É algo comum na literatura que autores não queiram ou não possa fixar um determinado lugar como palco dos acontecimentos que estejam a narrar. CERVANTES dessa estratégia se utilizou quando, no início de “Dom Quixote”, escreveu em “algum lugar de La Mancha”. O austríaco, ROBERT MUSIL em seu “O Homem sem Qualidades” fez o mesmo quando situou “Kakânia” como o lugar em que o personagem central vive.
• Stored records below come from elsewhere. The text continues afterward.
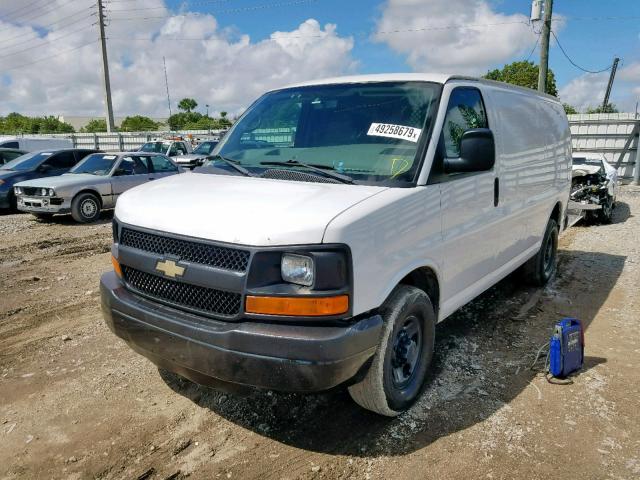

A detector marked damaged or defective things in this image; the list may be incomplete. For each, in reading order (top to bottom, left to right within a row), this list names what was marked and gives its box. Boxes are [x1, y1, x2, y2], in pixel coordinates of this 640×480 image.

wrecked vehicle [572, 154, 616, 225]
damaged white car [572, 154, 616, 225]
wrecked vehicle [102, 74, 572, 416] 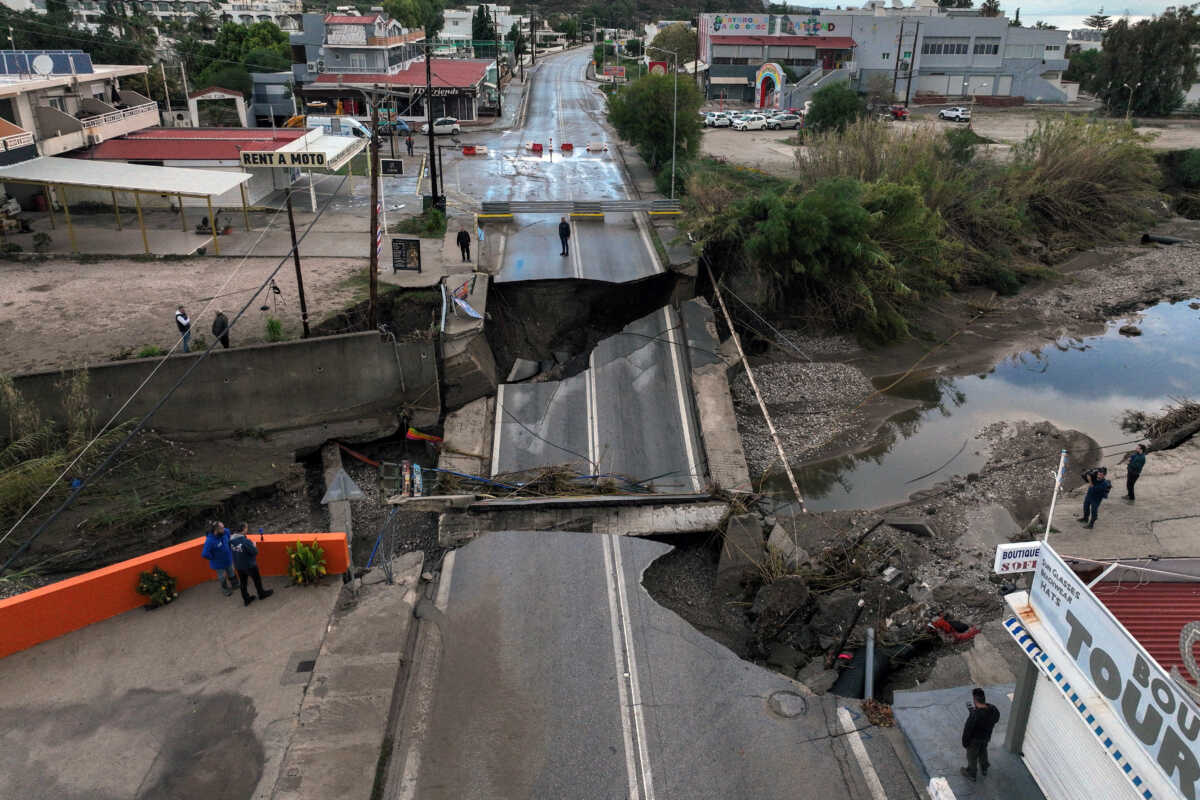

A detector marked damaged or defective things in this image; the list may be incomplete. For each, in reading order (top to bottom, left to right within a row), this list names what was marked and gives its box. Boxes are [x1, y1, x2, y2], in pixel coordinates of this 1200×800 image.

broken concrete slab [504, 357, 542, 383]
broken concrete slab [439, 398, 494, 479]
broken concrete slab [436, 501, 724, 551]
broken concrete slab [715, 515, 763, 597]
broken concrete slab [768, 522, 816, 573]
broken concrete slab [270, 551, 424, 800]
cracked asphalt [398, 527, 921, 796]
De modo que o leitor não sabe com precisão a que lugar a obra refere-se.
Há para isso algumas razões.
O autor, com efeito, poderá não querer situar geograficamente o lugar da ação porque isso seja irrelevante ao entendimento da obra, ou ainda porque esse lugar seja um lugar qualquer, dado que a ação narrada poderia ter acontecido em qualquer lugar.
Mas há casos mais significativos em que a ocultação do lugar se deve tão somente à proteção física e jurídica do autor, sabendo-se que ao longo da história muitos foram os autores que se viram diante de tribunais, respondendo pelo que haviam escrito, tal como ocorreu com BAUDELAIRE e as suas “Flores do Mal”, e FLAUBERT com a sua “Madame Bovary”.
Ainda está por merecer um estudo particular da Literatura e da Filosofia a influência que a Justiça poderá ter exercido para a criação dessa estratégia de linguagem do romance.